In credit, Citigroup is focused on single-As and triple-Bs based on the yield premium they offer. Meanwhile triple- and double-A bonds are moving in line with the swaps curve and offer little protection against event or attribution risk, he noted. "If one or two investments go wrong here, it quickly wipes out any benefit that might have been had across the whole rating class."
At the other end of the credit spectrum, Scott is positive on high yield, but only moderately. "The risk-reward is still attractive, even though it's not as compelling as it has been since spreads have come in significantly over the past year." Scott declined to reveal Citigroup's allocation split across credit classes.
Citigroup would reconsider these positions if the U.S. economy slowed considerably in response to the Federal Reserve's tightening. Scott also noted the last time the Fed and the European Central Bank tightened in unison was in the late 1990s and should this occur in 2005 it would likely put a damper on the market.

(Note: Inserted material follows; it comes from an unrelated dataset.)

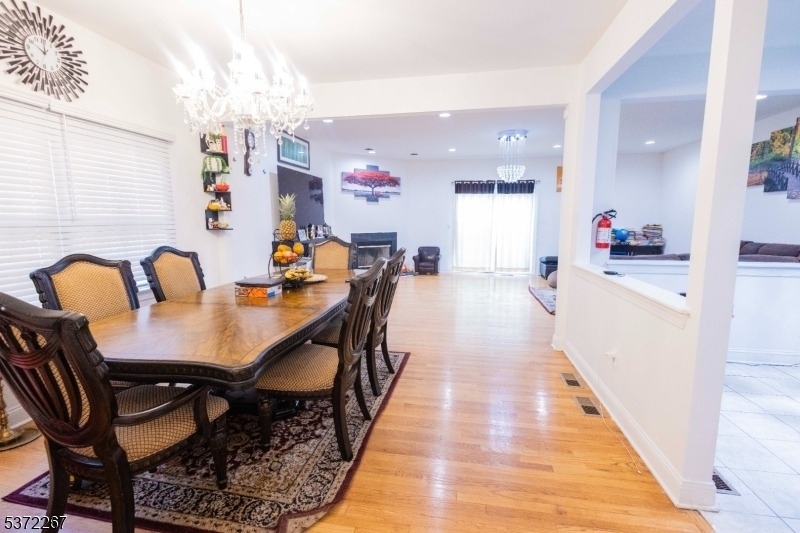 347 Raymound Blvd - Photo 6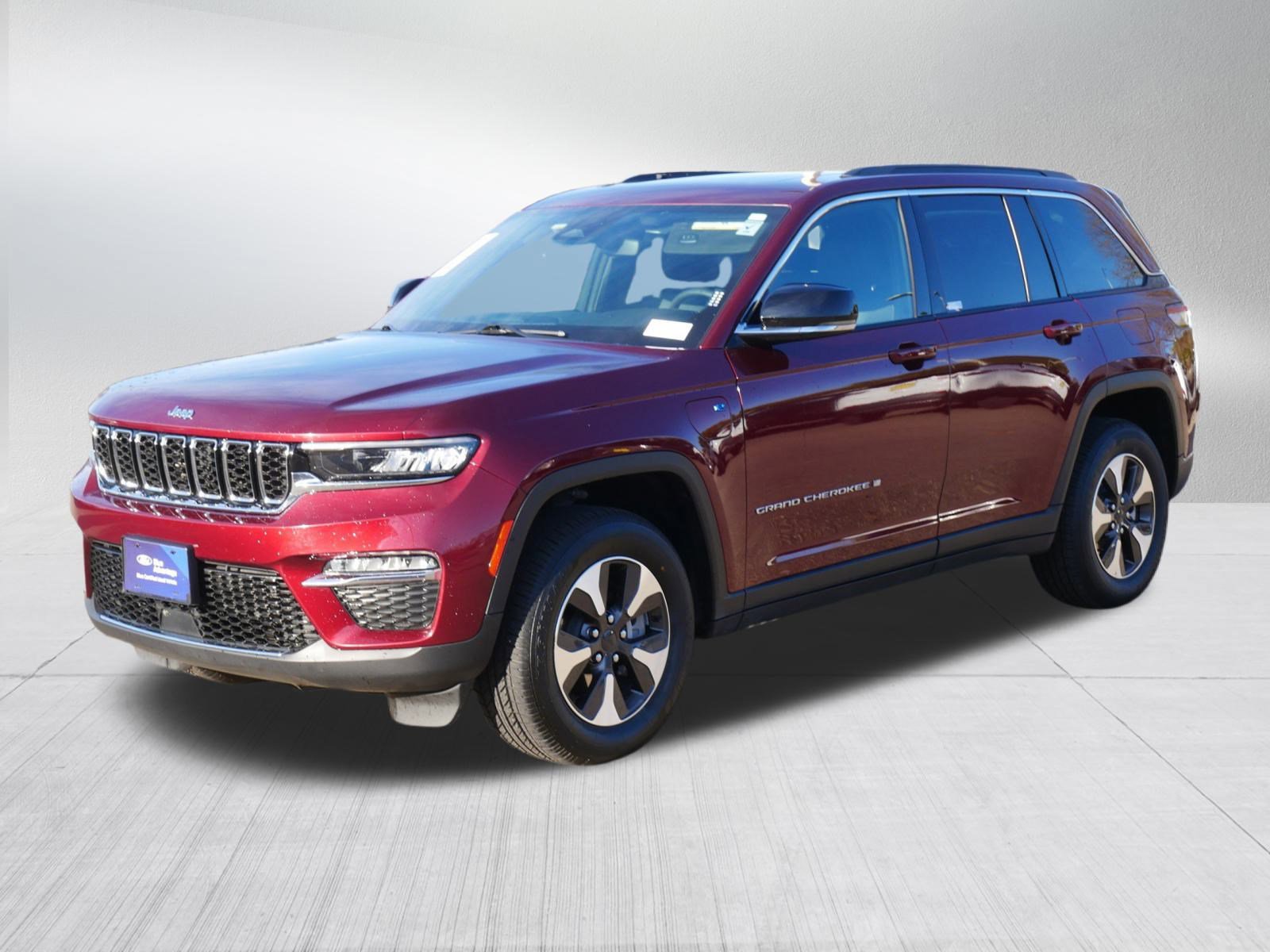2024 Jeep Cherokee Limited 4xe photo 3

The fund manager is cautious on duration because he anticipates the Fed will raise rates faster and higher than the market expects. "We think U.S. interest rates will reach 3-3.5% by the end of 2005, while the Fed Funds contract indicates interest rates will cap out at 2.5% by mid-'05." He added the historical neutral level for the Fed Funds rate is close to 4%. Scott declined to reveal Citigroup's average duration.